Regardless of the reason, what you find now is a place where old village buildings can be found stuck in the middle of urban residential high rises of various ages and provide a stark contrast between Tsuen Wan now and then.
Perhaps the most well known of these places is the Sam Tung Uk museum – a former Hakka walled village which has been preserved in-situ to offer the modern urban dweller a look into how life in Tsuen Wan really was like. Certainly less well-known although of similar value in terms of local heritage is the Tak Wah Park that has been created from the former village of Hoi Pa.
Park Pai Lau
Granted, only a few of the original village buildings remain but those that do have been incorporated into this well-designed Chinese style garden that provides some relaxing respite from the badly-planned (pedestrian wise at least) clutter that surrounds it.

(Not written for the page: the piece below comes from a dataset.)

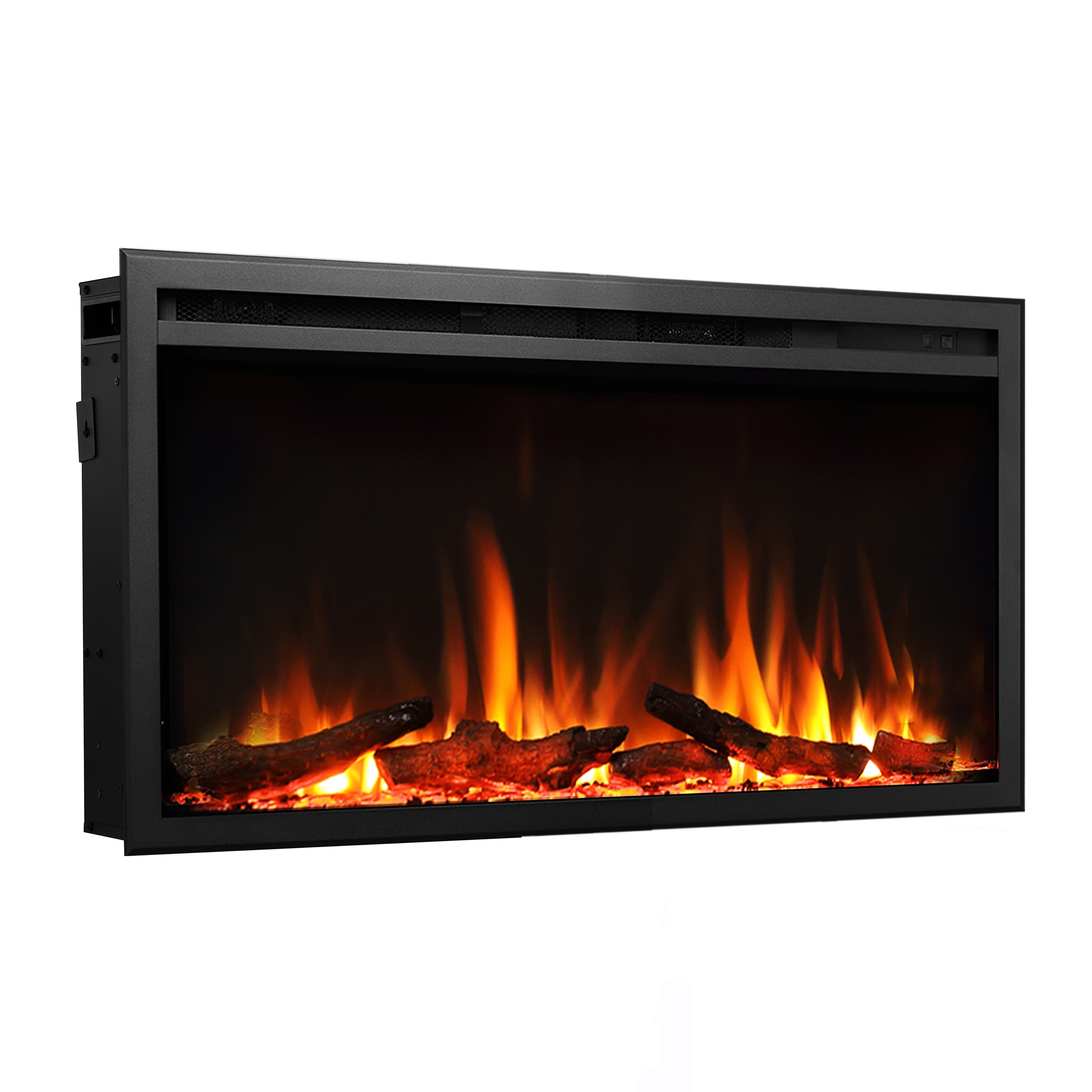 Chimenea eléctrica BALDERIA Atalanta 33 - chimenea empotrable - negro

Hoi Pa was once a rural community sitting right next to the sea. Then, in the 1960’s, along came the Colonial Administration who wanted to resume the village land to facilitate the creation of Tsuen Wan “New Town”. Hoi Pa was just one of many villages that struck a deal to relocate – in this case to the hillside above town – and the former village land now sits slap bang in the middle of the busy town centre.
However, in a move that is not commonly found here, not all of the land and/or village buildings were bulldozed for condominium space and instead what we now have is this small but very attractive park.
There are several original buildings inside the park’s boundary and in fact one, built in 1904, is a gazetted monument that now serves as the Environmental Resource Centre.
Environmental Resources Centre
The other is a large row of 1930’s village houses that have been amalgamated into what is now used as a gallery for local cultural exhibits.
The Tak Wah Gallery Building
There’s a couple more buildings dotted around, the following one looks to be either an old temple or Ancestral Hall, but the one in the following shot seems to have been created with the Chinese-style of the park in mind and certainly isn’t part of the original village structures. I imagine it was built when the first phase of the park was created in the late 80’s.
Anyway, the park has various fish ponds, Taoist rock-scapes, waterfalls, trees, moon gates, pavilions, bridges and sculptures – all of which are the typical ingredients for a nice Chinese-styled park.